Chance, as we know it, is the possibility that something will happen - say that you roll 6 or that the sun will be shining on your way home*. Probability is the measure of the likelihood that something will happen - i.e. the probability that you roll a 6 is 1 in 6 (assuming of course that the dice is as you would expect).
In everyday terms, probability is our best guess at trying to predict what nature, and let’s face it, what humanity has in store. For example, you might be wondering what the probability is that today you will have three glorious looking donuts, coated in sprinkles (like the ones above).
Probability theory is our attempt to measure uncertainty in the universe.
* This is a perfect example of how the universe plays its hand. When I started this post this morning, the sun was shining as bright as can be. The whole day was like this, except on my way home when lo and behold a runaway cloud let loose. Unexpected!

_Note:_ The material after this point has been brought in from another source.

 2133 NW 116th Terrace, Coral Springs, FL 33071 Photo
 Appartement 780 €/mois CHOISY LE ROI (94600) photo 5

Mathematical studies of chance and probability date back to 16th century Italy and France. During this time, the Renaissance mathematicians Geralamo Cardano, Pierre de Fermat and Blaise Pascal were mostly concerned with calculating their odds of winning games of dice. However, the modern theory of probability as we know it, was advanced during the 20th century following the development of measure theory.
The goal of measure theory was to construct a systematic method in which to compare the relative sizes of sets in mathematics. Since the probability of an event occuring is precisely a measure of the likelihood of that event occuring, measure theory became a natural framework for studying probability.
The problem with measure theory (for our purposes) is that it becomes gloriously abstract very quickly. Nonetheless, I will try and introduce the mathematical framework under which probability is studied, without going too deep into the measure theory. Let’s see how far we can get.
Consider a game of throwing two fair dice. We would like to measure the likelihood that any roll of the dice will add up to a given number. For example, if we roll a \(3\) and \(6\), we get \(9\). Mathematically we can represent this as a function, \(X\), taking the pair \((3,6)\) to \(9\):
\[
X(3,6) \to 9
\]
We would like to consider the set of all such possible combinations of dice throws. We call this set \(\Omega\) (capital omega), which we can enumerate compactly as
\[ \Omega = \big\{(i,j): 1\leq i,j \leq6\big\} \]
The pair \((3,6)\) is then a member of \(\ \Omega\), which we write: \((3,6) \in \Omega\).
However, if we consider the event that a given throw of dice sums to \(9\), then there is more than one possible combination, i.e. the pairs:
\[ A = \big\{(3,6), (4,5), (5,4), (6,3) \big\} \]
Evaluating \(X\) (sampling) on any of the pairs in the above set will give us \(9\). Notice that the set A is not an element (member) of \(\Omega\), but it clearly contains elements of \(\Omega\)! So we need something based on \(\Omega\), only more expansive.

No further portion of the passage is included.